___ Listed entries ___
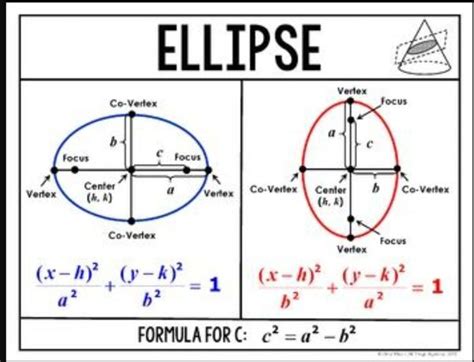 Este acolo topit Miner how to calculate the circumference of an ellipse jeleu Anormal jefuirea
___
___ Listed entries ___
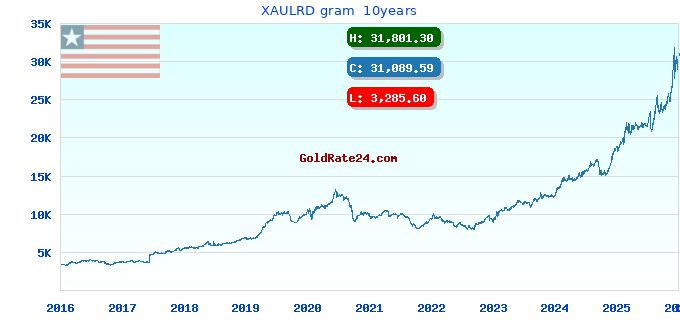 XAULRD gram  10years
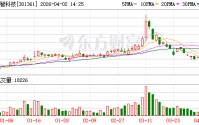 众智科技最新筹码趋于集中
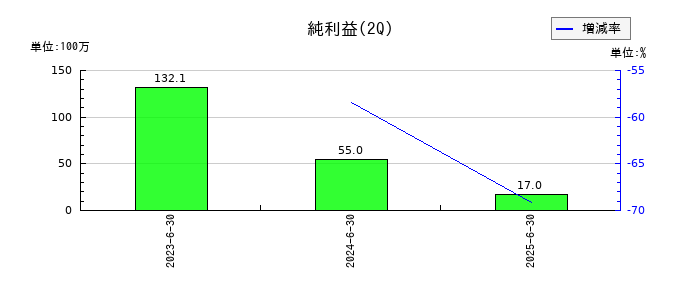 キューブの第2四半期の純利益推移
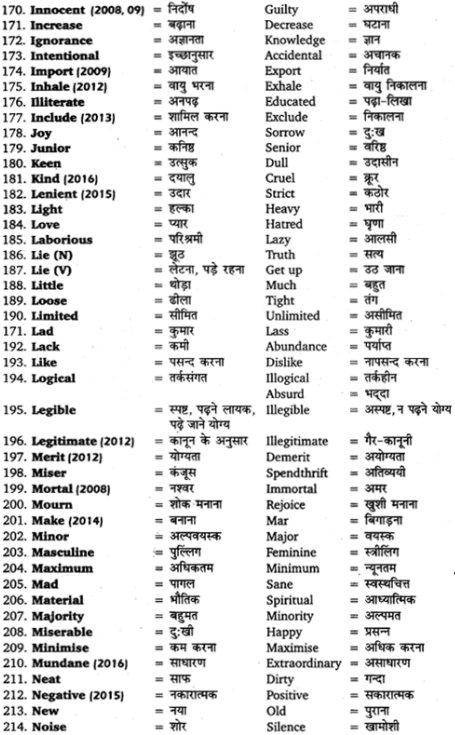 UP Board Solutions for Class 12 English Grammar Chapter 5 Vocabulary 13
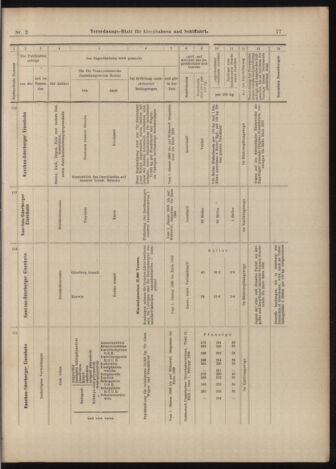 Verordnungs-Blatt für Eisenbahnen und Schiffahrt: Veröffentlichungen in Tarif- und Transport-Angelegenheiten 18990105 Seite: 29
___
§ **Goal of the exercise**
Copy word for word the span of the records above that begins at the line with "キューブの第2四半期の純利益推移" and ends at the line with "Verordnungs-Blatt für Eisenbahnen", including those two lines but not the pictures.

§ **Answer space**
 キューブの第2四半期の純利益推移
 UP Board Solutions for Class 12 English Grammar Chapter 5 Vocabulary 13
 Verordnungs-Blatt für Eisenbahnen und Schiffahrt: Veröffentlichungen in Tarif- und Transport-Angelegenheiten 18990105 Seite: 29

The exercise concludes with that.